Anfang der 1990er Jahre ließen die ersten Veränderungen durch die Bahnreform die Fahrgastzahlen im Regionalverkehr werktags kontinuierlich steigen. In zahlreichen Zügen mussten die Kapazitäten erheblich ausgeweitet werden. Vielerorts wurden ganze Linien auf Doppelstockwagen umgestellt, um die Fahrgäste fassen zu können. An den Wochenenden, insbesondere am Sonnabend, herrschte dann jedoch gähnende Leere. Die meisten nutzten für ihre Wochenendtrips das Auto.
Am 1. Februar 1995 offerierte die Deutsche Bahn AG zum ersten Mal eine Fahrkarte, die das Reiseverhalten der Wochenendausflügler nachhaltig verändern sollte: das „Schönes-Wochenende-Ticket“. Für nur 15,00 DM (das entspricht 7,67 Euro) konnten bis zu fünf Personen von Sonnabend 0 Uhr bis Sonntag 24 Uhr in Nahverkehrszug (N), S-Bahn (S), Citybahn (CB), Stadtexpress (SE), Regionalschnellbahn (RSB) und Eilzug (E) kreuz und quer durch Deutschland reisen.
Unter Eisenbahnfans entstand sogar ein regelrechter Wettstreit, wer an einem Wochenende die meisten Kilometer schafft. Bereits in der ersten Woche soll die Deutsche Bahn über 650 000 Tickets verkauft und damit einen Umsatz von fast zehn Millionen Mark generiert haben. Plötzlich platzten viele Züge aus allen Nähten. Auslastungen von teilweise über 200 Prozent veranlassten die Bahnpolizei sogar, aus Sicherheitsgründen gelegentlich Züge teilweise zu beräumen.
Zahlreiche Verkehrsverbünde boykottierten das Angebot zunächst oder duldeten es allenfalls im ein- und ausbrechenden Verkehr. Grund war hauptsächlich die Angst, das Billigticket könnte die Fahrgeldeinnahmen der Verbünde einbrechen lassen. Da die Verhandlungen mit allen Beteiligten erst Mitte Januar 1995 begannen, war natürlich so kurzfristig an keine Einigung zu denken. Lediglich der Hamburger Verkehrsverbund als einziger der damals dreizehn großen wollte das SWT-Konzept mittragen.
Bereits im Mai 1995 willigten, insbesondere unter der Bedingung einer Preiserhöhung auf 30,00 DM (15,34 Euro), auch andere Verkehrsverbünde ein.

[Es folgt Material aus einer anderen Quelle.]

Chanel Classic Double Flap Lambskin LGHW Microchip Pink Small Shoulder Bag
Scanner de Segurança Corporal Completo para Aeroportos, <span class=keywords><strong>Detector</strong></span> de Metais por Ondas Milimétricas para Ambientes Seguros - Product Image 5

Ab Januar 1996 kostete es dann schon 35,00 DM (17,89 Euro), und der Preis sollte stetig bis auf jetzt 40,00 Euro steigen – also mehr als das Fünfmache gegenüber 1995. Tatsächlich war die Preiserhöhung sogar noch größer, weil 1999 die Geltungsdauer drastisch gekürzt wurde. Plötzlich hatte man für eine Deutschlandrundreise nicht mehr ein komplettes Wochenende zur Verfügung, sondern nur noch einen Tag bis um 3 Uhr des Folgetages, also maximal 27 Stunden! Eigentlich hätte man es in „Halbes-Wochenende-Ticket“ umbenennen müssen. Doch alle Proteste halfen nicht, die Einschränkung blieb bis heute.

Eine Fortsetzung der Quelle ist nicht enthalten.